(Stored items from a collection)
=== Begin Enclosure ===

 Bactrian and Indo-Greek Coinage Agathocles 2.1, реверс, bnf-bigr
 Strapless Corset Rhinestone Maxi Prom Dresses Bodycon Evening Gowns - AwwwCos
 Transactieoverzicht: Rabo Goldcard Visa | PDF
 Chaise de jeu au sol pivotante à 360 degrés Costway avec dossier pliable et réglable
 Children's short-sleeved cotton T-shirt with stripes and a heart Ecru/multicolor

=== End Enclosure ===
=== Begin Enclosure ===

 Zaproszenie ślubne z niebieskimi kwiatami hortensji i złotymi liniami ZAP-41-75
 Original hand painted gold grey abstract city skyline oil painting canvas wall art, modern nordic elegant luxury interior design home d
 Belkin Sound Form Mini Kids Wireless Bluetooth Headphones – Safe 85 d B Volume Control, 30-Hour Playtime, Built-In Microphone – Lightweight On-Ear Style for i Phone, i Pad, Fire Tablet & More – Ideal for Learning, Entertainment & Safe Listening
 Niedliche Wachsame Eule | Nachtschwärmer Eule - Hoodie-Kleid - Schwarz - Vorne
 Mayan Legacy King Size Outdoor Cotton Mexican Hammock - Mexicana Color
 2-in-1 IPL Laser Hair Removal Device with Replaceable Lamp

=== End Enclosure ===

Could you restate word for word the lines above, from the one that contains "Chaise de jeu" through the one that contains "Children's short-sleeved cotton", and no others?

§ **EXERCISE SOLUTION**
 Chaise de jeu au sol pivotante à 360 degrés Costway avec dossier pliable et réglable
 Children's short-sleeved cotton T-shirt with stripes and a heart Ecru/multicolor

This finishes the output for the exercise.